**Listed entries:**
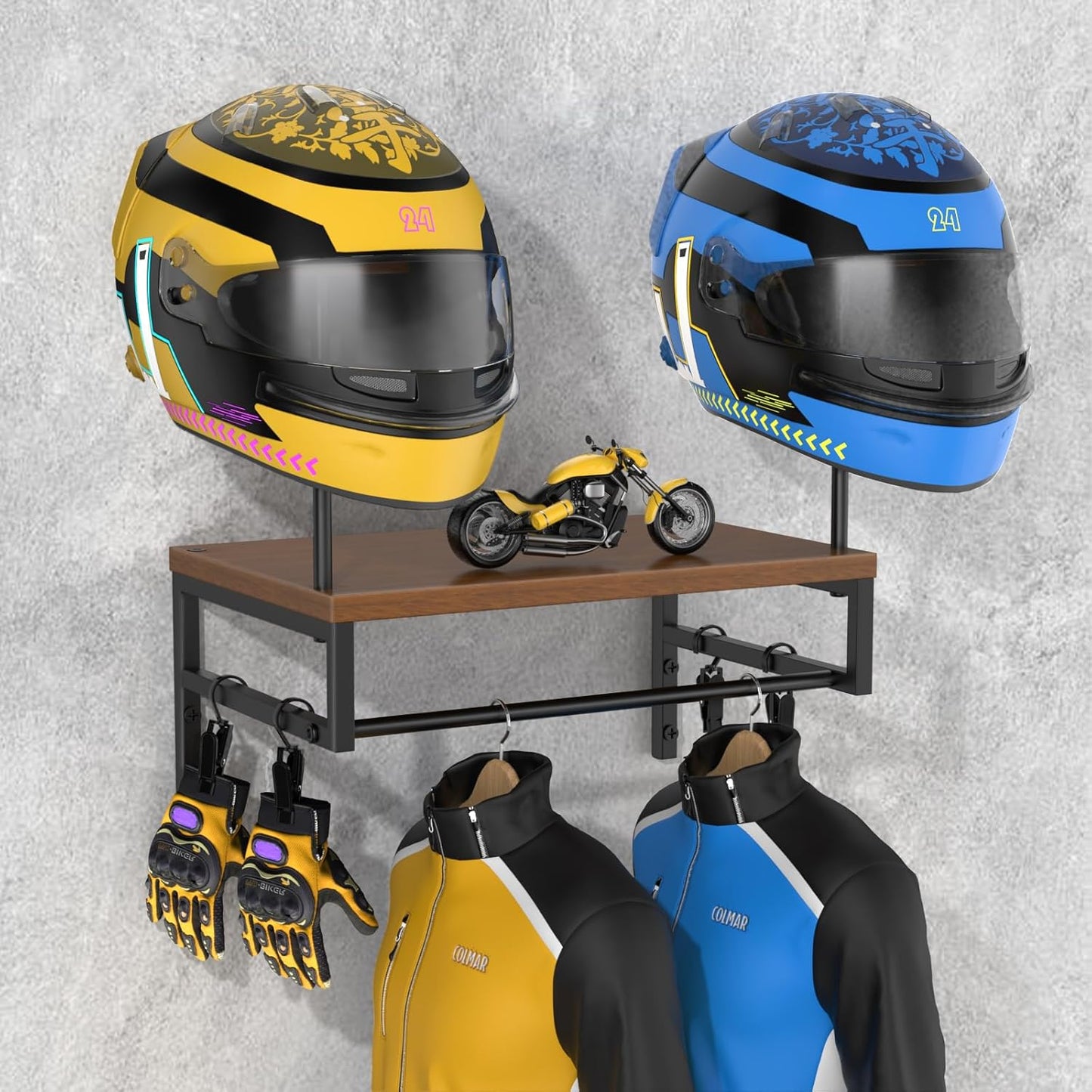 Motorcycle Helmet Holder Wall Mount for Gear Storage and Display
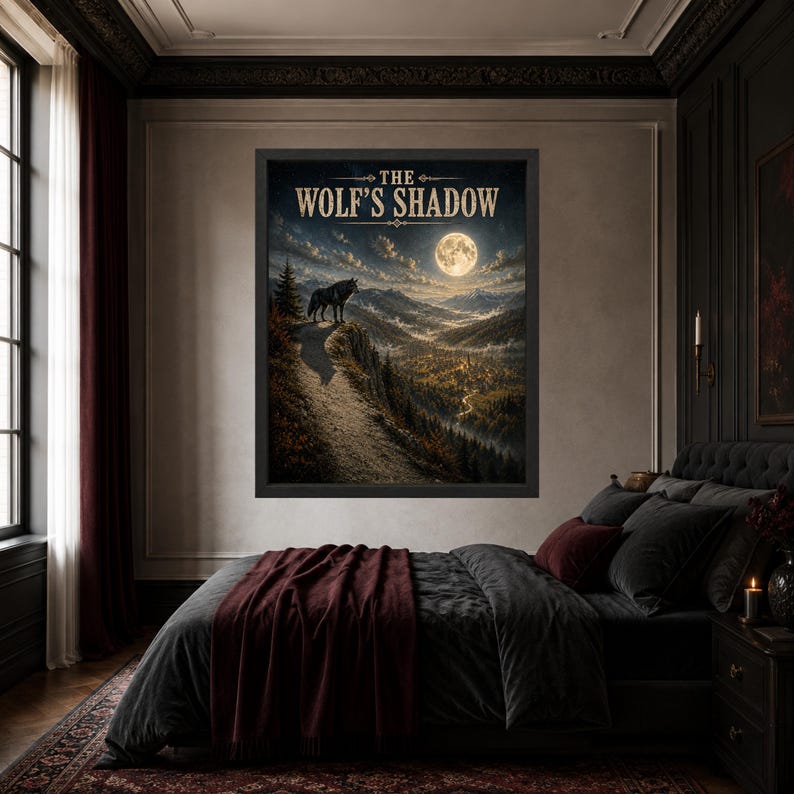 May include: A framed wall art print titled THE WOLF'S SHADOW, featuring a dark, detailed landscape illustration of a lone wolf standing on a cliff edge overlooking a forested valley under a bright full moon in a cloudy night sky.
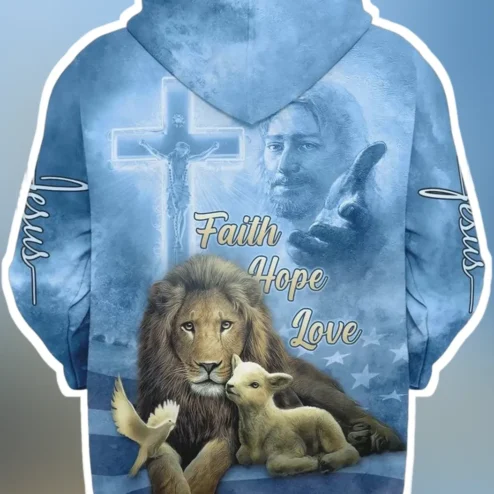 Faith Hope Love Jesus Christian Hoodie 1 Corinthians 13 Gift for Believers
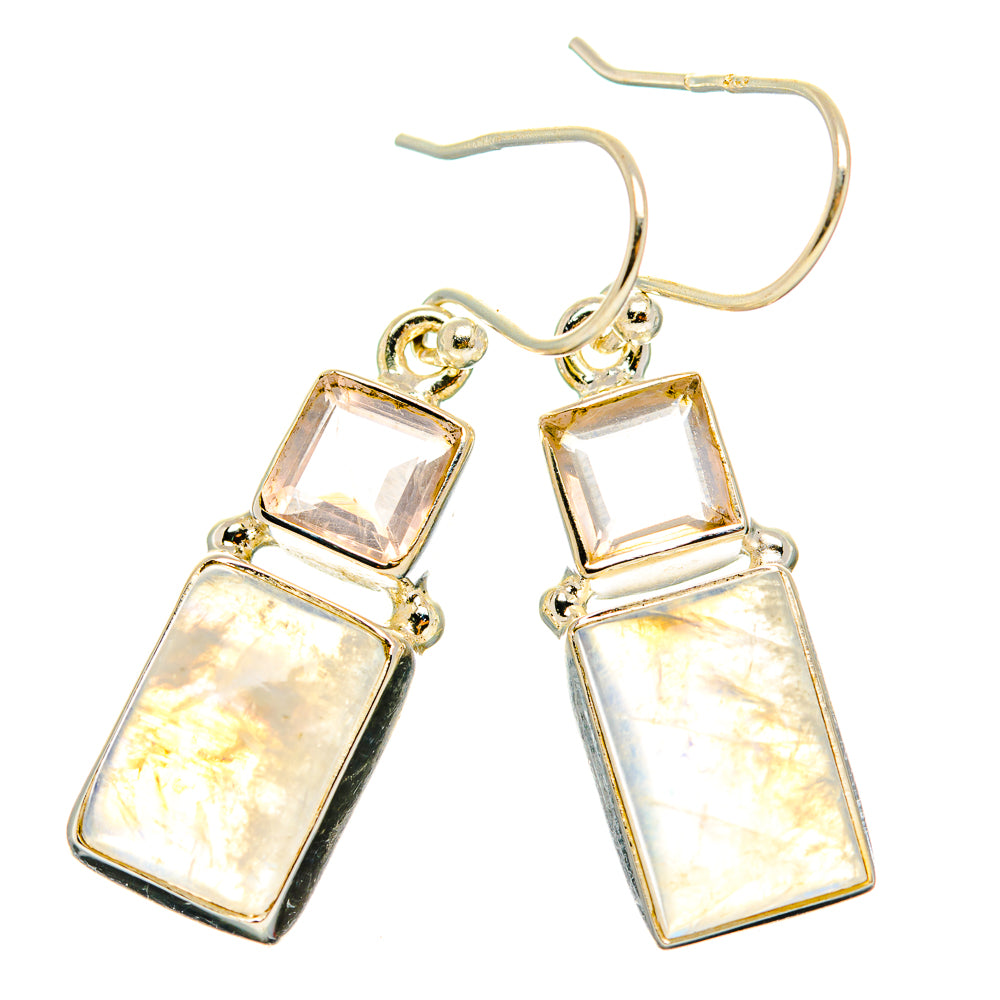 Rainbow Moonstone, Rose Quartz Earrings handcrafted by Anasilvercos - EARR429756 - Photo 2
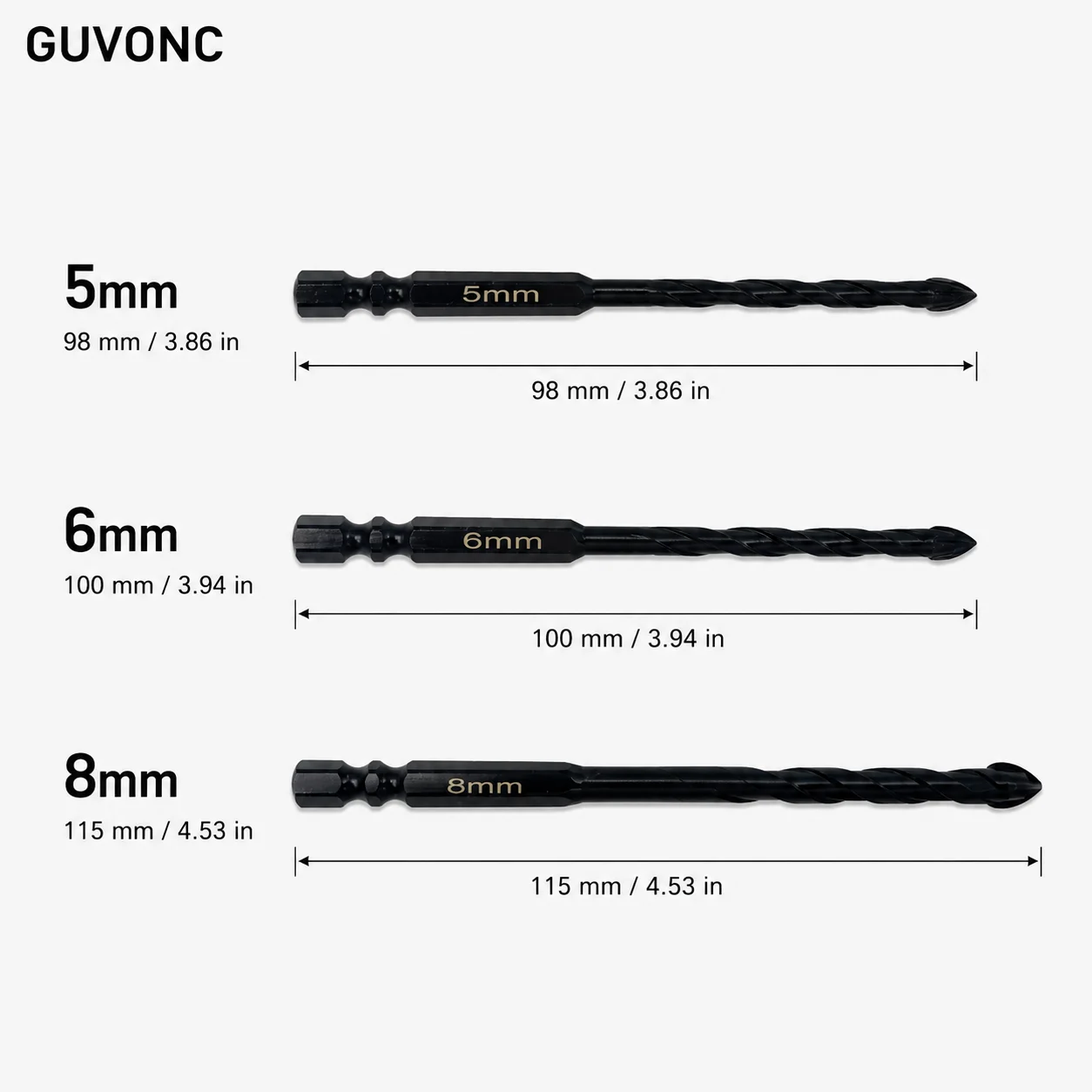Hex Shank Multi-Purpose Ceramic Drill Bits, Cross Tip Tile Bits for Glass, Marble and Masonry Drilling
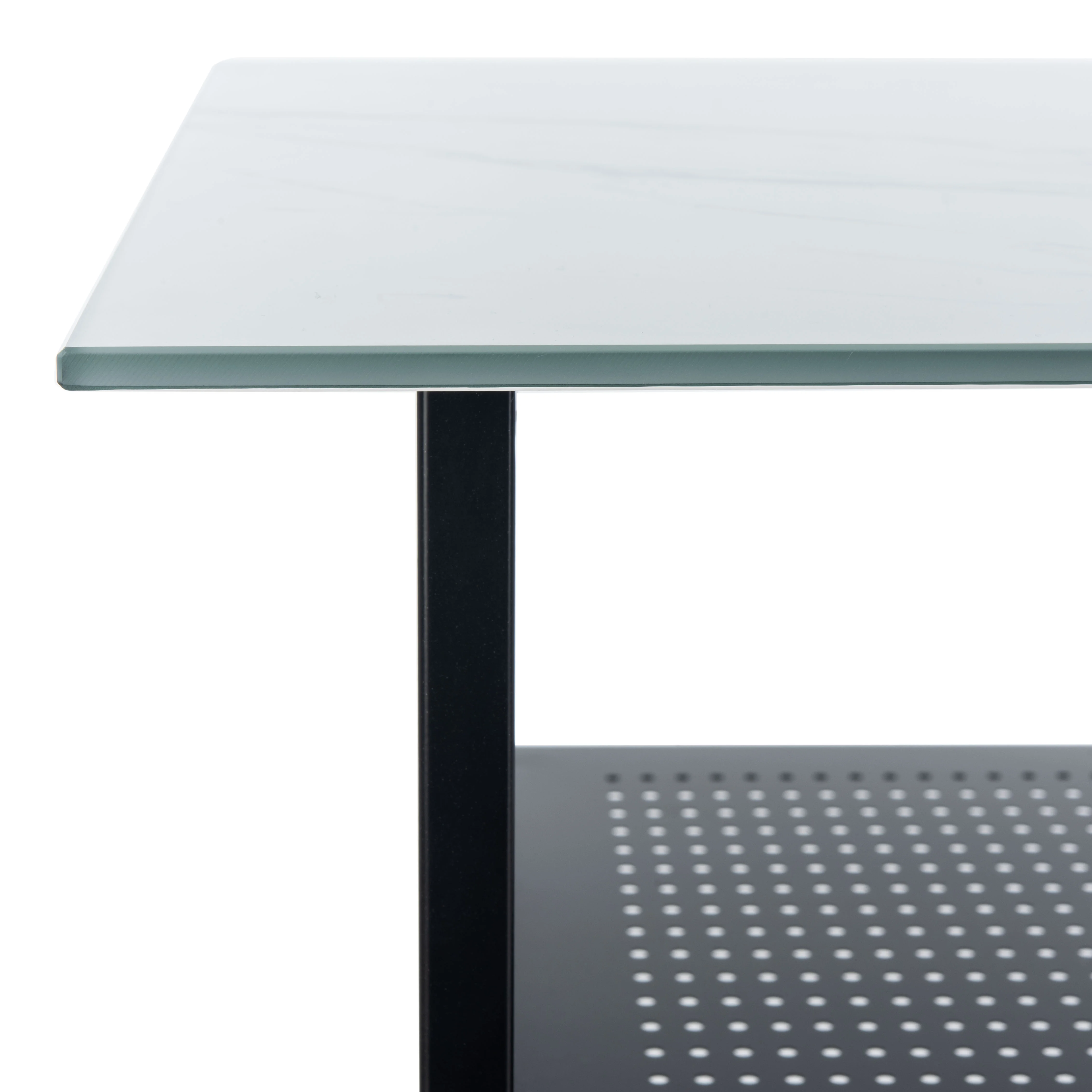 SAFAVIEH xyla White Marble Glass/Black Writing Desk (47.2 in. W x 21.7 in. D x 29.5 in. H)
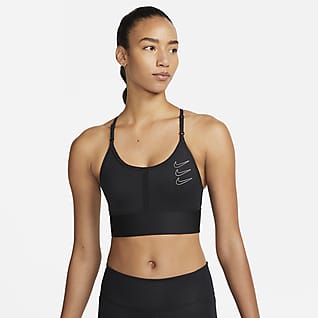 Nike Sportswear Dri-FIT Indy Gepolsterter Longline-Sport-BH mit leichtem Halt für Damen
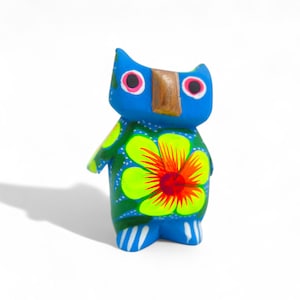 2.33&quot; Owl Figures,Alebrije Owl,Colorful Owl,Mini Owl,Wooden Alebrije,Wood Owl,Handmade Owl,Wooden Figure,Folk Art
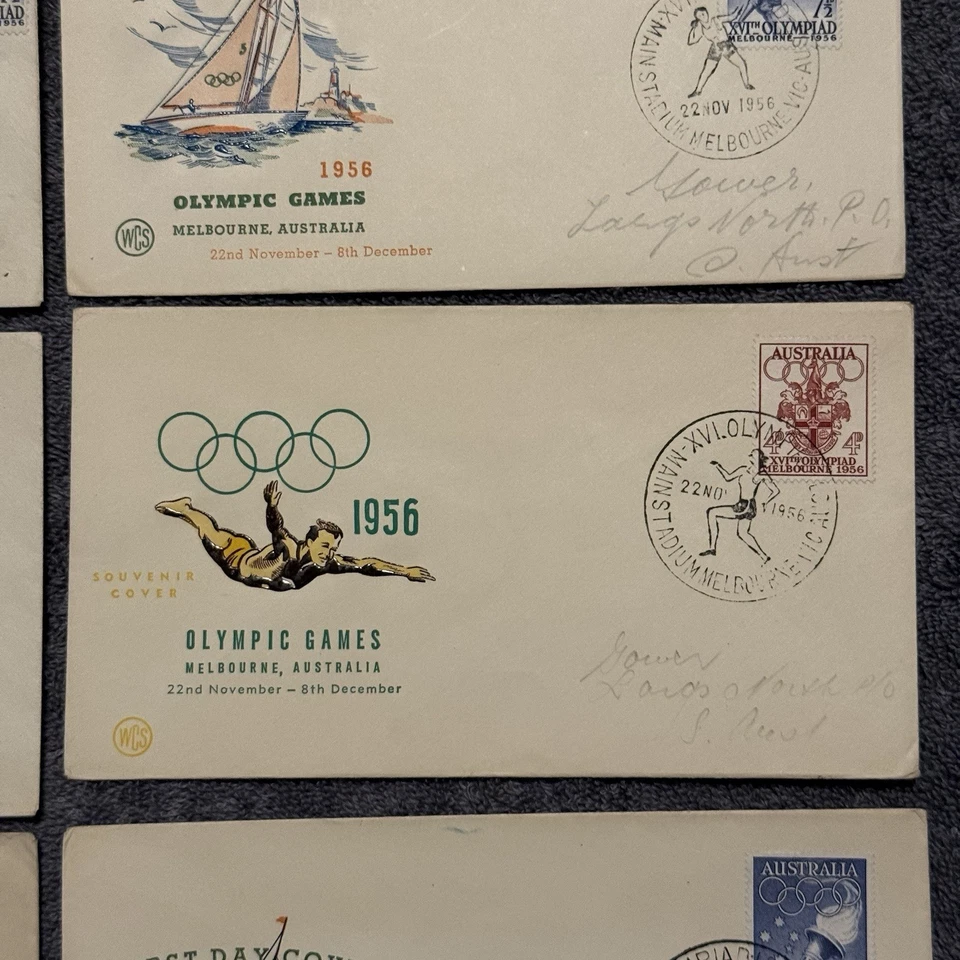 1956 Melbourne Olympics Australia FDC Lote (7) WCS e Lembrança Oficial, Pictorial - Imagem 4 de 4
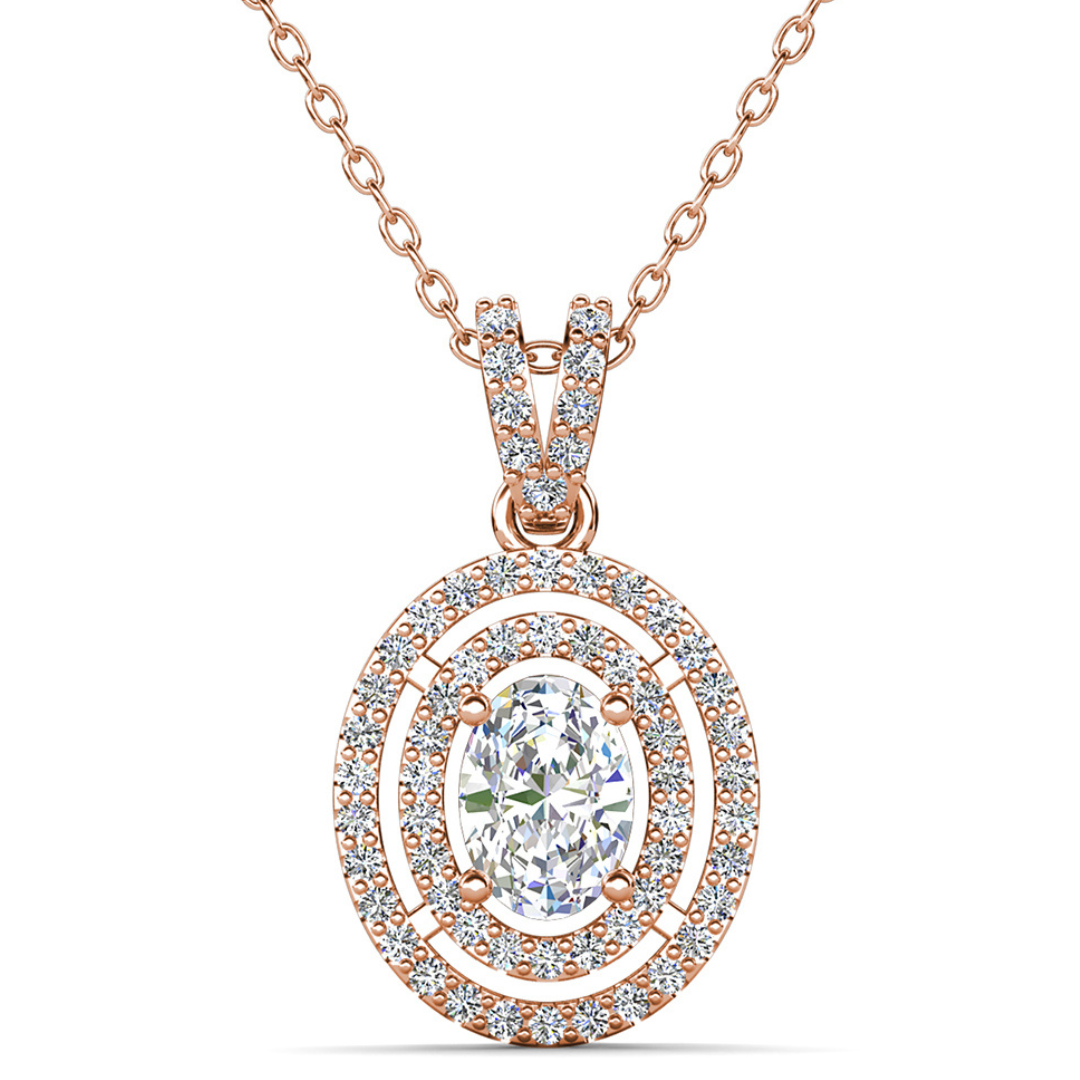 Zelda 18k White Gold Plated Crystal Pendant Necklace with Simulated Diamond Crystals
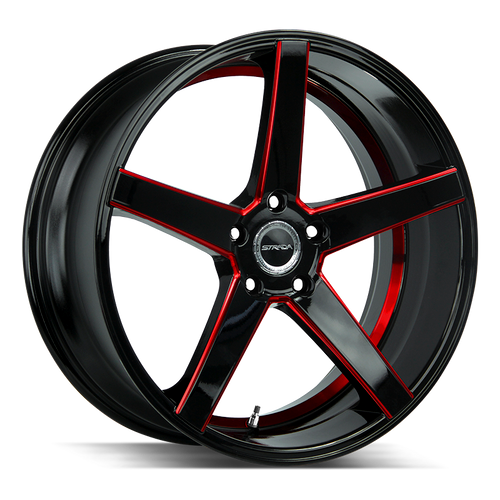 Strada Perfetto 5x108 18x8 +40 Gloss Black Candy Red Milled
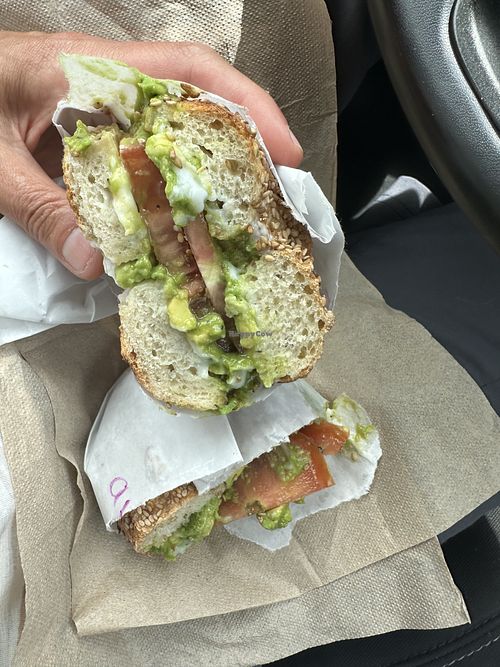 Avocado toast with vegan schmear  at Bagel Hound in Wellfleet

**Problem requirements:** The answer must reproduce every line of the records above exactly, with all pictures left out.

**Response area:**
 Motorcycle Helmet Holder Wall Mount for Gear Storage and Display
 May include: A framed wall art print titled THE WOLF'S SHADOW, featuring a dark, detailed landscape illustration of a lone wolf standing on a cliff edge overlooking a forested valley under a bright full moon in a cloudy night sky.
 Faith Hope Love Jesus Christian Hoodie 1 Corinthians 13 Gift for Believers
 Rainbow Moonstone, Rose Quartz Earrings handcrafted by Anasilvercos - EARR429756 - Photo 2
Hex Shank Multi-Purpose Ceramic Drill Bits, Cross Tip Tile Bits for Glass, Marble and Masonry Drilling
 SAFAVIEH xyla White Marble Glass/Black Writing Desk (47.2 in. W x 21.7 in. D x 29.5 in. H)
 Nike Sportswear Dri-FIT Indy Gepolsterter Longline-Sport-BH mit leichtem Halt für Damen
 2.33&quot; Owl Figures,Alebrije Owl,Colorful Owl,Mini Owl,Wooden Alebrije,Wood Owl,Handmade Owl,Wooden Figure,Folk Art
 1956 Melbourne Olympics Australia FDC Lote (7) WCS e Lembrança Oficial, Pictorial - Imagem 4 de 4
 Zelda 18k White Gold Plated Crystal Pendant Necklace with Simulated Diamond Crystals
 Strada Perfetto 5x108 18x8 +40 Gloss Black Candy Red Milled
 Avocado toast with vegan schmear  at Bagel Hound in Wellfleet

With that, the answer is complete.